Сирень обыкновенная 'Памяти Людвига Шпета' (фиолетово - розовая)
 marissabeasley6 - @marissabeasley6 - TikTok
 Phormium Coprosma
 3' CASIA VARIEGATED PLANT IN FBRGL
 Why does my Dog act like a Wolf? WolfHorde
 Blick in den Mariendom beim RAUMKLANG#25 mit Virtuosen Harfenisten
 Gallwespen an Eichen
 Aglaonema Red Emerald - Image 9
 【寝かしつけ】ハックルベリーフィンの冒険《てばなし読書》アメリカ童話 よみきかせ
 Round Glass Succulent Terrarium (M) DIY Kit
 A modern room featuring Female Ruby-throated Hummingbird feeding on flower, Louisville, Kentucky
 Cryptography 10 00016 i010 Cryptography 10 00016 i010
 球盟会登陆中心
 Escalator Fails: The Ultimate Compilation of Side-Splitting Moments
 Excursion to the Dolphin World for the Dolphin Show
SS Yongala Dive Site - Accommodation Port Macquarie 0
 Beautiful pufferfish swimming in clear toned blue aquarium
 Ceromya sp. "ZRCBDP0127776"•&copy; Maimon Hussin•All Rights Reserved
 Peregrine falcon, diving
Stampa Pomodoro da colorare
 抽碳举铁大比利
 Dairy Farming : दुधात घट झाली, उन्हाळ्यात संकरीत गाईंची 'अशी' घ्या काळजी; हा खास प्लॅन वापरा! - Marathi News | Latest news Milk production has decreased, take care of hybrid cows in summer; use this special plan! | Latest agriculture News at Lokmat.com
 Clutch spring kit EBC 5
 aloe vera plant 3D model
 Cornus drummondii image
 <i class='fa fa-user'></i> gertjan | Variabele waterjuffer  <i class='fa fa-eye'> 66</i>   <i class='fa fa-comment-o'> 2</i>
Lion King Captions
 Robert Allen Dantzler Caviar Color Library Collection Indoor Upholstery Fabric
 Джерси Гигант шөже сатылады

^^^^^^^^

What you will do – Output the full listing above without altering a single word.

Completed exercise –
Сирень обыкновенная 'Памяти Людвига Шпета' (фиолетово - розовая)
 marissabeasley6 - @marissabeasley6 - TikTok
 Phormium Coprosma
 3' CASIA VARIEGATED PLANT IN FBRGL
 Why does my Dog act like a Wolf? WolfHorde
 Blick in den Mariendom beim RAUMKLANG#25 mit Virtuosen Harfenisten
 Gallwespen an Eichen
 Aglaonema Red Emerald - Image 9
 【寝かしつけ】ハックルベリーフィンの冒険《てばなし読書》アメリカ童話 よみきかせ
 Round Glass Succulent Terrarium (M) DIY Kit
 A modern room featuring Female Ruby-throated Hummingbird feeding on flower, Louisville, Kentucky
 Cryptography 10 00016 i010 Cryptography 10 00016 i010
 球盟会登陆中心
 Escalator Fails: The Ultimate Compilation of Side-Splitting Moments
 Excursion to the Dolphin World for the Dolphin Show
SS Yongala Dive Site - Accommodation Port Macquarie 0
 Beautiful pufferfish swimming in clear toned blue aquarium
 Ceromya sp. "ZRCBDP0127776"•&copy; Maimon Hussin•All Rights Reserved
 Peregrine falcon, diving
Stampa Pomodoro da colorare
 抽碳举铁大比利
 Dairy Farming : दुधात घट झाली, उन्हाळ्यात संकरीत गाईंची 'अशी' घ्या काळजी; हा खास प्लॅन वापरा! - Marathi News | Latest news Milk production has decreased, take care of hybrid cows in summer; use this special plan! | Latest agriculture News at Lokmat.com
 Clutch spring kit EBC 5
 aloe vera plant 3D model
 Cornus drummondii image
 <i class='fa fa-user'></i> gertjan | Variabele waterjuffer  <i class='fa fa-eye'> 66</i>   <i class='fa fa-comment-o'> 2</i>
Lion King Captions
 Robert Allen Dantzler Caviar Color Library Collection Indoor Upholstery Fabric
 Джерси Гигант шөже сатылады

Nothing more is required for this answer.